=== Data for this exercise ===
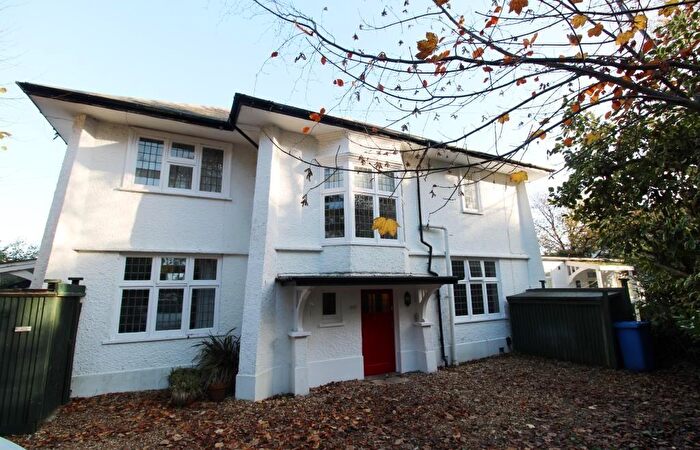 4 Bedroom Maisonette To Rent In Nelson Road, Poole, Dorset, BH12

---

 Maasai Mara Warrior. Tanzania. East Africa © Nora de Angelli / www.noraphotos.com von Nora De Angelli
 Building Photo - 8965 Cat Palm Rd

=== Exercise directions ===
Print the lines above from the one with "Maasai Mara Warrior." through the one with "Building Photo - 8965 Cat Palm Rd", both included, exactly as written and nothing more.

=== Solution for this exercise ===
 Maasai Mara Warrior. Tanzania. East Africa © Nora de Angelli / www.noraphotos.com von Nora De Angelli
 Building Photo - 8965 Cat Palm Rd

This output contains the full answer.